The project timeline calls for the MAA objects to be relocated to the Uganda Museum by the end of 2022. In early 2023, the team will begin research and exhibit design, with the exhibit opening later that year. In 2024 a conference will invite scholars and museum curators from Uganda, surrounding countries, and U-M to reflect on the exhibit and project. Two publications will come from these efforts, an exhibition catalog and an open-access white paper on the project itself.
“These objects have been dislocated both in space and in time,” said Peterson. “Colonial-era collectors took them out of Ugandans’ hands and made them into specimens of ethnic identity. We want to put them back into the hands of the people who made them meaningful, to open up dialogues about the onward course of families, clans, and professions.”
In the late-nineteenth century, British missionary John Roscoe was in the Kingdom of Buganda—part of present-day Uganda— collecting ethnographic objects and operating partly under the direction of the MAA. At that time, the kingdom was in turmoil, suffering a series of religious wars and increased interference from the Imperial British East Africa Company (Buganda became part of the British Empire in 1900). It was a time of massive political and social transformation. As Protestant Christians gained power, non-Christian practitioners of the old religion were eager to shed any symbol of their prior beliefs. In other words, Roscoe built his collection at a time when the instruments of the old way of life were dramatically devalued.
This was common practice for European empires, who extracted not only raw materials but also art, cultural artifacts, and religious objects from their colonies. At best it was an uneven transaction; at worst, it was outright theft.
The majority of the artifacts Roscoe collected are held in storage in Cambridge. Most have not been displayed. In 1961, the MAA returned a set of sacred artifacts to the Uganda Museum.
“That repatriation was a success—in the sense that the heritage has been on public display in Kampala ever since,” said Professor Nicholas Thomas, MAA director. “But we have been far too slow in following up that initiative. The Mellon Foundation’s support will empower fresh engagement with the Uganda Museum, and will involve both rich academic dialogue, and the return of heritage of exceptional significance.”
The world’s leading museums, including the British Museum and the National Museum of African Art, hold hundreds of thousands of artifacts taken from former colonies in Africa, Asia, and beyond. Despite increasing advocacy from activists, museum professionals, and scholars in their country of origin, only a small percentage has been repatriated. The MAA, like many museums, is adopting a new approach.

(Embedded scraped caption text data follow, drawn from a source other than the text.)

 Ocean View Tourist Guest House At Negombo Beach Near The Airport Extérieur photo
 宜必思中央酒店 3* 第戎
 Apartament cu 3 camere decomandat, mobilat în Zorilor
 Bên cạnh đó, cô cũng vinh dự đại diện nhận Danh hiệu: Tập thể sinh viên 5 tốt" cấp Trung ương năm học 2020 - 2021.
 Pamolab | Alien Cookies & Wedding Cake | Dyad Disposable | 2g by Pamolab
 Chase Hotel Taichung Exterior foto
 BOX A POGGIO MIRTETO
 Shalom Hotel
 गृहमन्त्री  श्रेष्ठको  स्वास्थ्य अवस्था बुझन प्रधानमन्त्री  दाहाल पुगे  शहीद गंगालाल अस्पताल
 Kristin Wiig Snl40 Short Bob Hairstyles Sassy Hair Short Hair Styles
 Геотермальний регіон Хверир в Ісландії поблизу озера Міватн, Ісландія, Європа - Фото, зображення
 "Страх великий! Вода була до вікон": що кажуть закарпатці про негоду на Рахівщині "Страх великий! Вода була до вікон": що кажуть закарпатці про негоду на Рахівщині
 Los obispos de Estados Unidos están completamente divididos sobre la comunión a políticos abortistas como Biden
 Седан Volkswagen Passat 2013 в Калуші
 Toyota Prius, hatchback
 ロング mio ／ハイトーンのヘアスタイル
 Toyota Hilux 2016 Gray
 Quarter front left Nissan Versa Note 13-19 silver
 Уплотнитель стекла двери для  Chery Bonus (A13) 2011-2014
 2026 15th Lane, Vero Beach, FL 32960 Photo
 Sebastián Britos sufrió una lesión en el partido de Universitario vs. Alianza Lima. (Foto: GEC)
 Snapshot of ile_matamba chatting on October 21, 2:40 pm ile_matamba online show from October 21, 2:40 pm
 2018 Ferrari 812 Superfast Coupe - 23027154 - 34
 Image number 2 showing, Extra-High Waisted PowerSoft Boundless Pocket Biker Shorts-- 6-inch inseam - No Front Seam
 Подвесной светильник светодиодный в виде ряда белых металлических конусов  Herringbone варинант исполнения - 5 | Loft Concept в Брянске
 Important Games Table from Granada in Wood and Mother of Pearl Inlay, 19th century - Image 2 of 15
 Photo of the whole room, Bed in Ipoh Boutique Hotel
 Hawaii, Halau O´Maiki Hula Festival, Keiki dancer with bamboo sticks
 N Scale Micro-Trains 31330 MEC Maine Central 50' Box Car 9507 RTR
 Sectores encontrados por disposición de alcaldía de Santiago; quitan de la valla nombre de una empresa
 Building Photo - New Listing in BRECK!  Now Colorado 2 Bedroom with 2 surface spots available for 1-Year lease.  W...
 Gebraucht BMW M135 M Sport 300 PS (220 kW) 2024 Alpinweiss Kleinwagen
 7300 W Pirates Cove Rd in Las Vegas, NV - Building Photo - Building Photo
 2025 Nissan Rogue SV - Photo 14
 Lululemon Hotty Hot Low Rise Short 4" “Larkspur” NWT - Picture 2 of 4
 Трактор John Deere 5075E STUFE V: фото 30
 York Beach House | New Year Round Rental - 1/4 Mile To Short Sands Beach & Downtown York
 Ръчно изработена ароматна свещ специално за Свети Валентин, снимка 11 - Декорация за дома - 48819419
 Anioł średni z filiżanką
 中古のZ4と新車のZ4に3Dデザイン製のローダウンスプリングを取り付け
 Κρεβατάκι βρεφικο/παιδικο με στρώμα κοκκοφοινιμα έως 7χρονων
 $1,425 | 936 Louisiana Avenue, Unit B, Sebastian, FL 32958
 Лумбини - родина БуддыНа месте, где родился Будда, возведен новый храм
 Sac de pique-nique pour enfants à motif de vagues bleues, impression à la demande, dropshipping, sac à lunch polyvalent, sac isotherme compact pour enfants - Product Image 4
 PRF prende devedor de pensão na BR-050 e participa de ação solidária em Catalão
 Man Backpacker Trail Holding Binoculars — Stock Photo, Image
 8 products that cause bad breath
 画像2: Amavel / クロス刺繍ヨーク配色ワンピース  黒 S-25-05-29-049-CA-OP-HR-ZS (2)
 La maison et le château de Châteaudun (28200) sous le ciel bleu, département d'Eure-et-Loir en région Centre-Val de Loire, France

“This carefully conceived program will provide a model for similar initiatives elsewhere in Africa, and indeed elsewhere in the World,” said Thomas.
The repatriation of objects from Europe and the United States to African countries will take time and money, especially if the work is both deliberate and collaborative. “Repositioning the Uganda Museum” could be the blueprint for a much wider effort.
“This is a risky project, and there’s a lot at stake,” said Peterson. “The Cambridge curators are giving up part of the collection they have built. The Ugandan curators are trying to find a different framework with which to display ethnographic objects. I’m very pleased to be able to work with both institutions in making new kinds of museums actionable.”